I do have a lot of jewelry, though. I have many dangling earrings; a few necklaces are that dear to me, and a lot of bracelets that I can’t wear because my wrists are too small. I wear them on special occasions and certain holidays when I get dolled up every once in a while, but there’s one bracelet in particular that I never wear.

Despite my wrists being too small I can actually wear this bracelet and I used to—all the time. It was a pretty bracelet and went with just about any of my clothes despite the blue gems. It was small—my size, with alternating round silver and blue gems. Blue is my favorite color and I always liked silver more than gold. Of course, it’s so old that the silver has tarnished and doesn’t sparkle like it used to.

In the middle of these gems were six silver blocked beads, each one baring a letter; R-A-C-H-E-L. I had never had a piece of jewelry that had my name on it, so I was excited when I got it for my 10th birthday. It was personal and I felt as though the bracelet officially belonged to me.

My aunt, Theresa, gave me that bracelet as my birthday present. She gave my two older sisters each a similar bracelet when they turned 10-years-old, so I was kind of expecting something like it; yet, I was still surprised when I opened the small box. Auntie Theresa’s friend made jewelry—whether it was a hobby or it was her job, I don’t recall—but my aunt asked her to make something special for her three nieces for their first double-digit birthday.

I wore the bracelet all the time, even to school. Then, two years later, just two days after my 12th birthday, Auntie Theresa passed away from a sudden brain aneurysm. She was only 32-years-old leaving her husband and two daughters (at the time ages 3 and 1) behind. It was a shock for everyone and certainly a tough time to get through. I kept a closer eye on my bracelet since then, but continued to wear it in her memory.

Then, one day at school in art class, I felt my wrist—I was always touching and playing with the bracelet. The bracelet was gone and I could feel my face flush.

“Where is it, where is it?!” I demanded in alarm.

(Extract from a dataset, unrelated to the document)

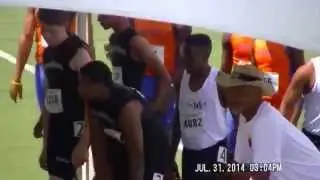 The jog over to the paddock 4 x 400 MAVERIC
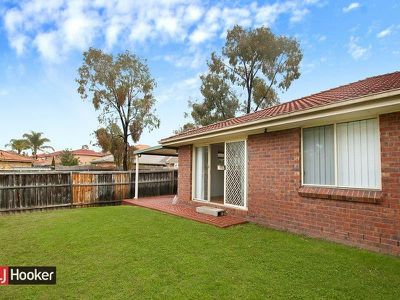 8 Pottery Circuit, Woodcroft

“Where’s what? Where’s what?” My friend jumped up from her seat only panicking because I was. She looked all around the floor because I was on my hands and knees searching for something she didn’t know what to look for.

The bracelet was on the other side of the art room. It must have fallen off when I went to the sink to wash my paint brush and rinse out my paint cups. For the rest of the day I left the bracelet in my pocket. The clasp wasn’t very good and it fell off a lot at home, but I never imagined it would fall off anywhere else. It was that moment I realized if it fell off at school or someplace else, chances were I’d never find it again and it would be gone forever, just like my aunt.

The bracelet has been sitting in my jewelry box ever since. I want to keep it safe with all my other jewelry. I take it out and look at it every once in a while, but I don’t wear it anywhere in fear of losing it; even if it is just around the house.

Maybe one day I’ll get the clasp fixed and get it shined once more. In the meantime, I’ll always know where the bracelet is and I’m able to keep it near and dear.